I have tried to lay down my thoughts on The Amazing Spider-Man all week. First i want to say that I wasn’t the biggest Spider-Man fan. I liked him, but I was always more of an X-Men guy. But I have read my fair share of Spidey stories over the years, so I like to think I have a good grasp on the character and his story. I also enjoyed the Sam Raimi movies–the first two at least–and I admit I thought it was kinda silly for Sony to reboot the character so soon. Going into the movie, I knew I had a bit of a bias against it, but I gave it the chance all movies deserve.

Of all things from the 90′s they could have used, why this!
While I liked Raimi’s movies, I will be the first to admit there were flaws or omissions that I felt were integral to Peter Parker and Spider-Man. Luckily, we got some of those in this movie: He’s actually intelligent, he has to create webbing, he has his Spidey Sense, and a female counter part that is on the same footing as him–I didn’t mind looking at Kirsten Dunst, but that was such a wimpy Mary Jane. And along with it came this movies own flaws. Like why the hell did they take that shoddy 90′s arc about Peter’s parent’s being secret agents? Why did they not have the “with great power comes great responsibility” line from Uncle Ben?
What I had very hard time with were my thoughts on Andrew Garfield‘s performance and Marc Webb‘s vision of Peter Parker. Then it came to me, they weren’t smart enough to do the traditional, intelligent, Peter. I have to give Raimi and Toby Maguire credit, they went for more a 90′s “he happens to be smart when he needs to” Spidey than the original 60′s “I’m at the same level Reed Richards was in high school” Spidey. That let them do emotional stories which any actor can do. Playing a smart person is very hard, because if you aren’t as smart as that character, you are going to look like a moron.
Back in my heavy roleplaying days, my friend Dustin used have a rule that you played a character with high intelligence, you have to play high intelligence. If you couldn’t think your way out of something, just having the stat didn’t let you recon your choices or actions. It was a good rule because otherwise you could have someone playing a genius and do something stupid and when the repercussions hit say, “Wait, I would have figured out that would happen so I didn’t really say/do that.” It happens a lot, trust me. And that is basically what happened though this whole movie in both actions and portrayal of an intelligent teenager.

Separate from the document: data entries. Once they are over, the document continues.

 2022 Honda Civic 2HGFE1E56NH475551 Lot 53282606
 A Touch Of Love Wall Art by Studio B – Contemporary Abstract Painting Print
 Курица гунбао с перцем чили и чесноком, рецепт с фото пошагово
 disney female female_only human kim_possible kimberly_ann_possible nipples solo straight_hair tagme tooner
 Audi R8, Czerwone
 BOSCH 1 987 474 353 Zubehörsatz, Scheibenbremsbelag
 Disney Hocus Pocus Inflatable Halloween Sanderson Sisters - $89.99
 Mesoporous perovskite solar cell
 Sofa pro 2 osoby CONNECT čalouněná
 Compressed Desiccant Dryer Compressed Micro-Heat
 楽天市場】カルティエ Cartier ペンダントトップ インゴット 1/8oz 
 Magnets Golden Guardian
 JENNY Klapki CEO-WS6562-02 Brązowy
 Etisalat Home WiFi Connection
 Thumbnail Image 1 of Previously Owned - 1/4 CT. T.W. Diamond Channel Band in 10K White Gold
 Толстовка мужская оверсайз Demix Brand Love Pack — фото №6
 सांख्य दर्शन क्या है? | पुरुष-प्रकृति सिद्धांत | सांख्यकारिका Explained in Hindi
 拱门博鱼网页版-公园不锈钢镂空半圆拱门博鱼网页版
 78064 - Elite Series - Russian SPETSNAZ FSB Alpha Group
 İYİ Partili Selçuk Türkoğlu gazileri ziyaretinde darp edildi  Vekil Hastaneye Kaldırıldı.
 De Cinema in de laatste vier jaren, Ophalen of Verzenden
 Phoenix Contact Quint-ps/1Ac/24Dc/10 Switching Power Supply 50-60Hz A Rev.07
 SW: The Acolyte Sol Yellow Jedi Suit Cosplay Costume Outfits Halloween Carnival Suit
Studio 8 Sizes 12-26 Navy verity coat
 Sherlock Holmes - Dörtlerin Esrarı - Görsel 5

Action wise is really ease to point out glaring moments. I mean, if you have a bullet wound, wouldn’t you bandage it before climbing a skyscraper? But the subtler thing, the portrayal, is harder to get down to, but it is something we all know innately. When I went to college, it was a college of smart teenagers. Not 18 or 19 years-olds, but 15, 16, 17 years-olds. I was actually old for the college since I turn 18 my freshman year. What I don’t think a lot of people understand about very smart teenagers is that they will respond emotionally like any teenager–if they don’t, they are a sociopath and need help–but they are also rationalizing and analyzing what is happening.Smart kids are socially awkward because there is always that part of them that seeing everything as, for lack of a better description, a data set. They may react “emo” when something bad happens to them because not only is a painful moment, but most of them have started to develop their identity around the fact they are smart. So, it becomes a failure of not knowing something or getting the wrong answer, which is not supposed to happen to them.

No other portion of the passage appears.